When the body goes into fight mode
In Gottman’s research, a clear pattern appears in conflicts between partners. When our heart rate rises above around 100 beats per minute, something shifts in the body. We enter what is called emotional flooding.
This means that the nervous system moves into a fight or flight state. The body releases stress hormones, and the brain becomes more focused on protecting itself than on understanding the other person.
When this happens, it becomes very difficult to truly listen. Instead, we often begin to defend ourselves, argue, repeat our point again and again, or shut down completely.
Most people recognize this pattern. The conversation goes in circles. The same points are repeated. The tone becomes harsher. Misunderstandings grow. The longer the conversation continues in this state, the greater the risk of saying something we later regret.
Signs that your heart rate is above 100
Most people do not sit with a heart rate monitor during a conflict. That is why it is helpful to learn to recognize the signals from the body.
Typical signs that the nervous system is moving into an alarm state can include sweaty palms, a racing heart or a strong pulse in the chest, faster breathing, tension in the jaw or shoulders, a feeling of heat in the body or flushing in the face, thoughts speeding up, difficulty listening or concentrating, and a strong impulse to either attack or withdraw.
When these signals begin to appear, it is often a sign that your heart rate is approaching or has already passed 100 BPM. This is rarely a good moment to try to solve the problem.
Why taking a break is not a failure
One of the key insights from Gottman’s work is that we should not try to resolve conflicts when the nervous system is overloaded. If the heart rate is above 100 BPM, it is simply too difficult for the brain to collaborate.
Instead, a break of 15 to 20 minutes is recommended, where both people do something calming or distracting. This could be going for a walk, breathing slowly, listening to music, or doing something practical.
The point is not to avoid the conflict. The point is to give the body time to settle so the conversation can continue in a way where both people are actually able to listen.
This requires an important agreement in the relationship. A break is not an escape. It is a way of taking care of the conversation.
When the conversation resumes
When you come back to the conversation, it can make a big difference if your basic needs are somewhat met. This does not mean waiting for perfect conditions, but if possible, it helps not to be hungry, exhausted, or overwhelmed after a long day.
Food, sleep, and small breaks throughout the day influence our ability to regulate emotions more than many people realize. When the body is relatively balanced and resourced, it becomes much easier to stay curious, listen, and think clearly. It simply creates a better foundation for a constructive conversation.
The conversation after the break
When returning to the conversation, Gottman works with a structure where partners take turns speaking.
One person speaks at a time while the other listens.
The person speaking aims to start gently. Instead of criticism or blame, they begin with their own experience and feelings. This can be done by using I statements and expressing a need or a request.
The person listening has a different role, which is to understand.
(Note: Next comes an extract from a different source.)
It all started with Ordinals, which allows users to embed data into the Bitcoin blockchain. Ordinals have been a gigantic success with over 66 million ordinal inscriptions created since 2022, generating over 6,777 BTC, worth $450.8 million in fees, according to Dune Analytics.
Many people find it helpful to take notes while listening, as it keeps the focus on what is being said rather than preparing a response.
During the conversation, both partners can use what Gottman calls repair attempts. These are small signals that show an effort to maintain connection. It could be saying “I hear what you are saying,” offering a gentle smile, apologizing, or making a small physical gesture like a nod or a hand on the arm. Small actions that communicate a willingness to understand.
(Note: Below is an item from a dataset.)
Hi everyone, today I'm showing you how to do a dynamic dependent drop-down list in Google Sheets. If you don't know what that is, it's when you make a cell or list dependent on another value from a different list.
Why the 100 BPM rule is especially important in ethical non-monogamous relationships
As I wrote in the first article, the dynamics in ethical non-monogamous relationships are not fundamentally different from those in monogamous ones. However, the intensity can often be higher.
When people move into ethical non-monogamy, it often activates very fundamental themes such as jealousy, safety, freedom, attachment, and identity. This means that conflicts can sometimes reach the nervous system more quickly.
For that reason, the ability to notice when a conversation is tipping into emotional flooding becomes even more important. Being able to say, “I can feel that I am becoming overwhelmed. I need a break so we can continue later.” Not as a way to avoid the conversation, but as a way to protect it.
Conflict is not only about content
When couples feel stuck in the same arguments again and again, it is often not only about the disagreement itself. It is also about how the conversation is happening.
If both people are in a state of alarm, even small differences become very difficult to navigate.
But when the nervous system settles, it becomes much easier to stay curious, to listen, and to recognize that there may be a deeper dream or a why behind the other person’s reaction, as described in the first article in this series.
At that point, conflict becomes something you can work with again, instead of something that pulls you further apart.